- [TASK DATA]:
* * * * *

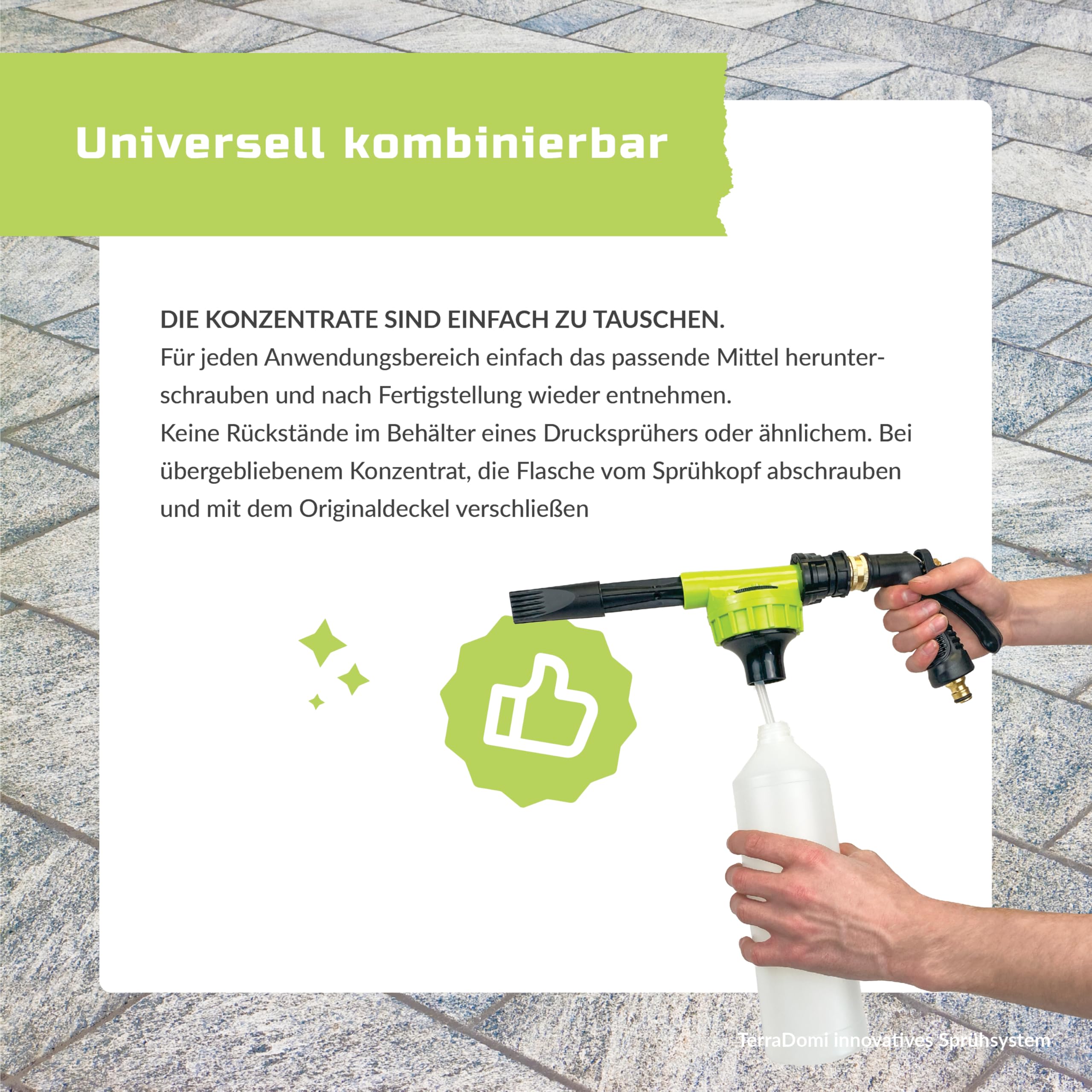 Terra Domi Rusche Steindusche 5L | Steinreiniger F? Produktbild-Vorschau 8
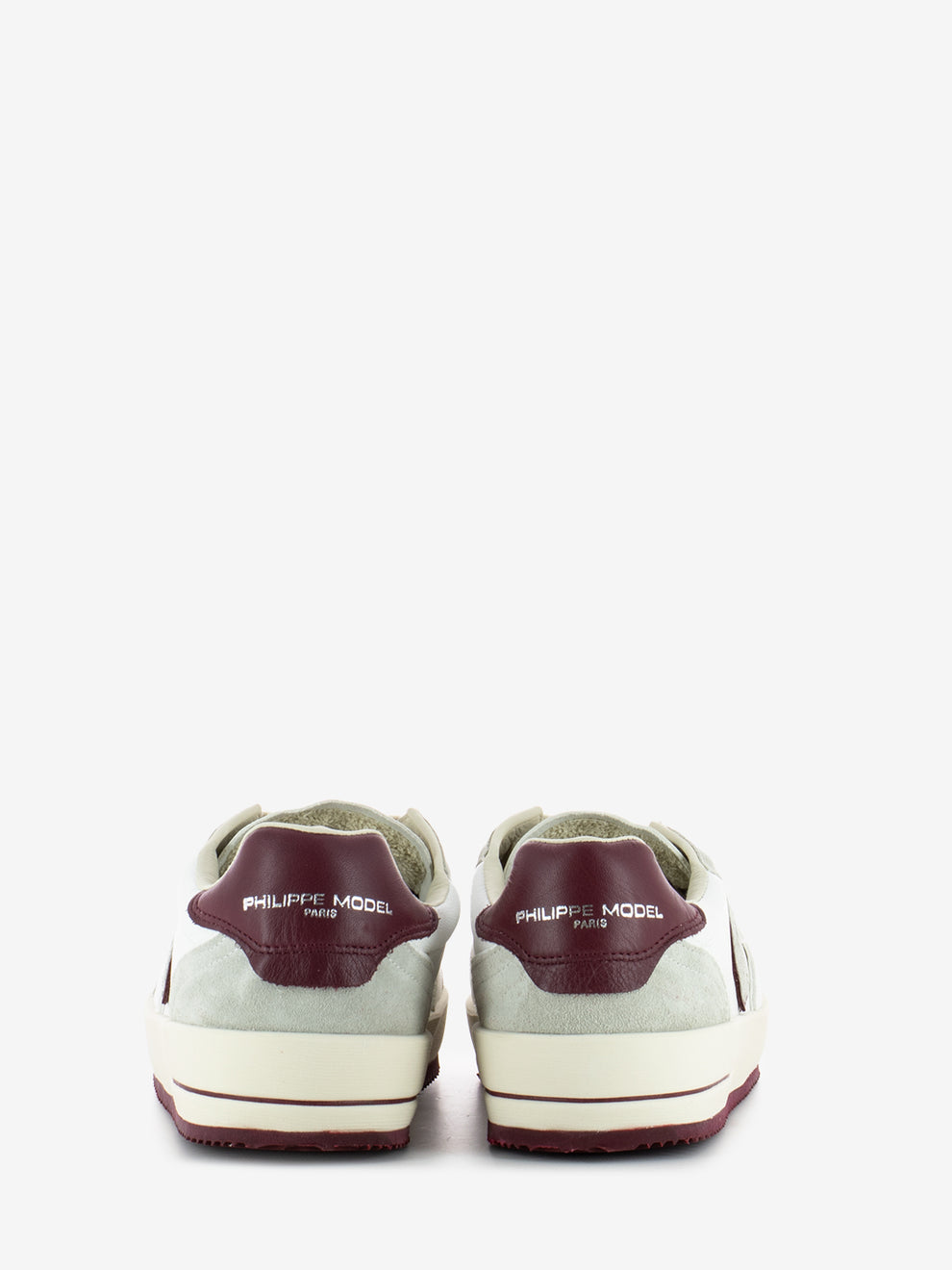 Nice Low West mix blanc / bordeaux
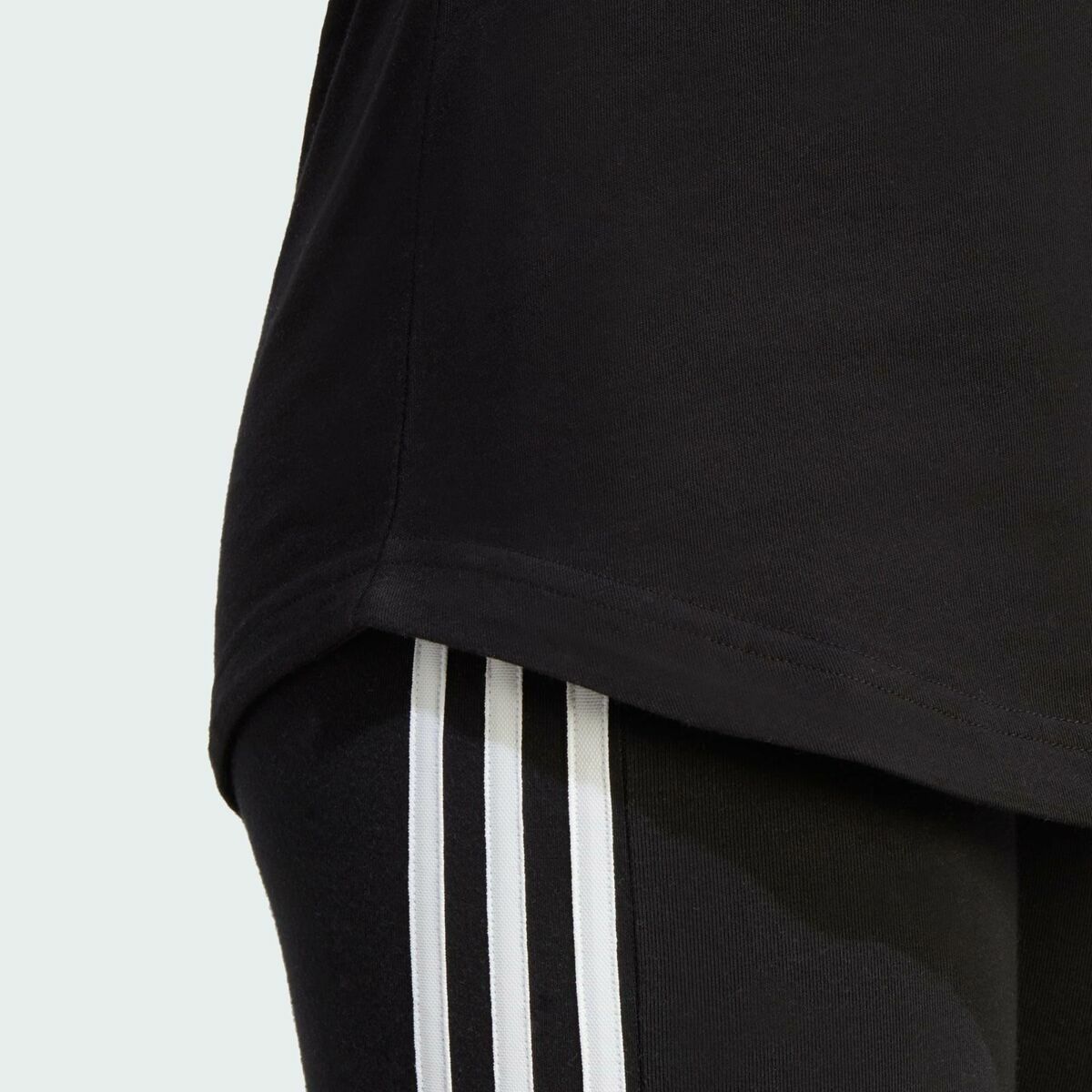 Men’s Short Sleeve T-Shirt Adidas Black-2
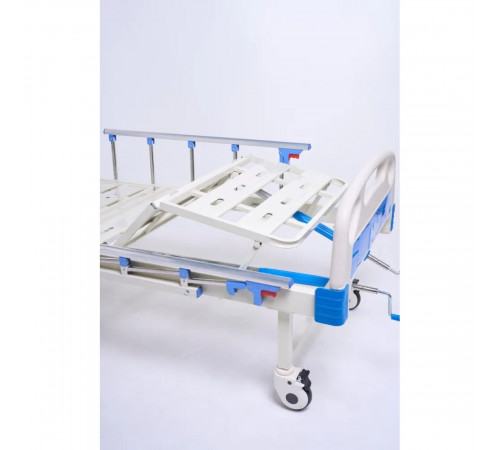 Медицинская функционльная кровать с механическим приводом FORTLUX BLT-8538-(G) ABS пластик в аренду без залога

* * * * *

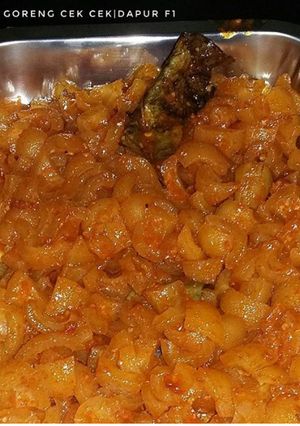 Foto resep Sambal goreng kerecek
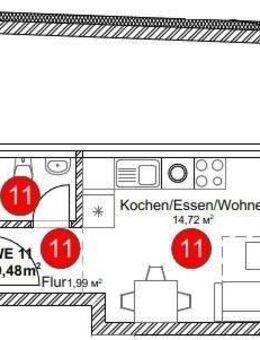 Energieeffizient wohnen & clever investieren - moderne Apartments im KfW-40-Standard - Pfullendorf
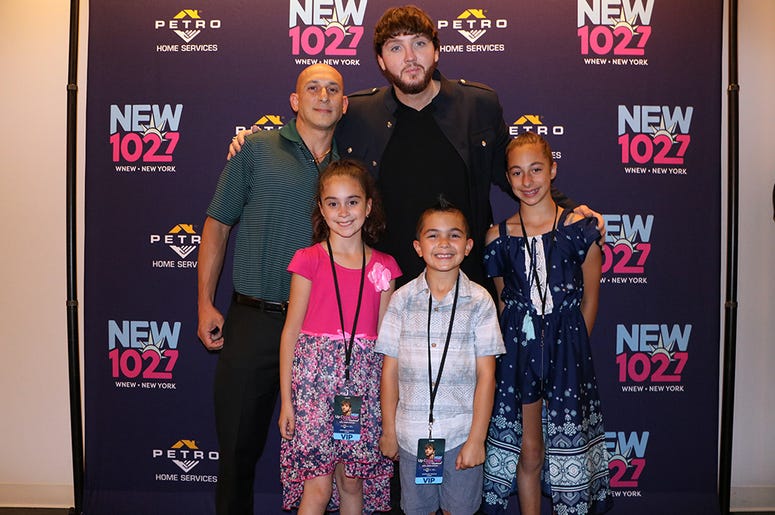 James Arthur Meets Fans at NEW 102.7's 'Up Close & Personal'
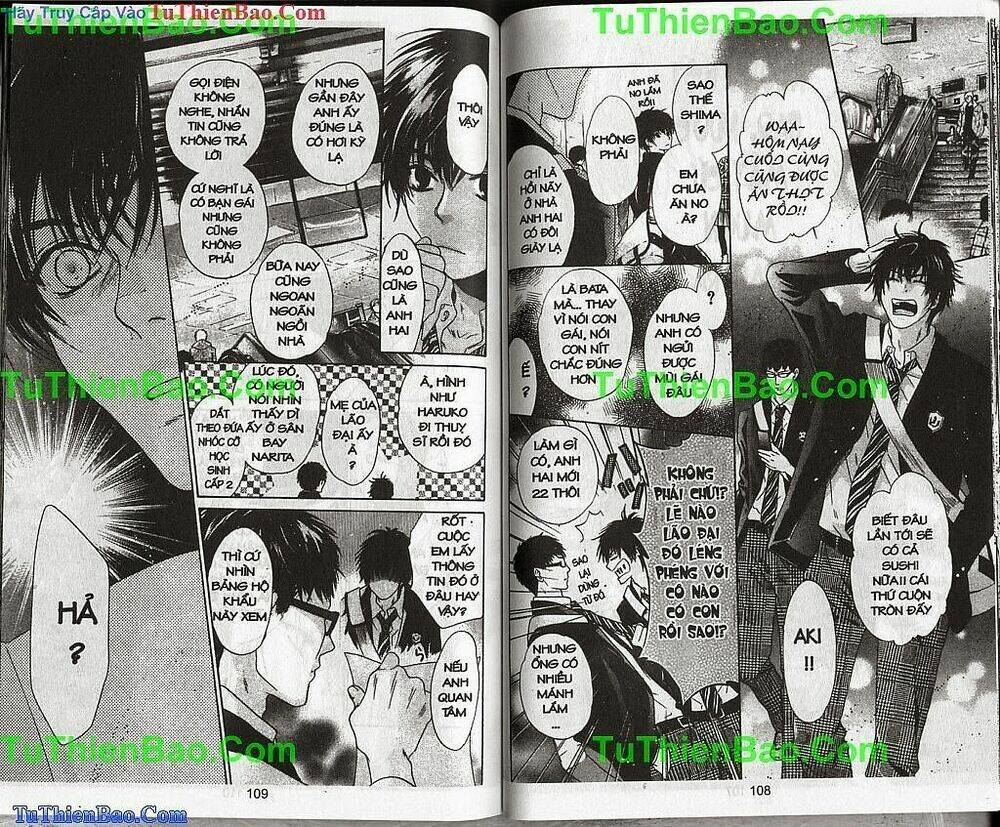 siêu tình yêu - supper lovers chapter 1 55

* * * * *

- [WORK ORDER]:
Within the listing above, print exactly the stretch beginning at the line that contains "Foto resep Sambal goreng kerecek" and finishing at the line that contains "siêu tình yêu - supper lovers chapter 1 55", ends kept, pictures left out, and nothing more.

- [WRITTEN REPLY]:
 Foto resep Sambal goreng kerecek
 Energieeffizient wohnen & clever investieren - moderne Apartments im KfW-40-Standard - Pfullendorf
 James Arthur Meets Fans at NEW 102.7's 'Up Close & Personal'
 siêu tình yêu - supper lovers chapter 1 55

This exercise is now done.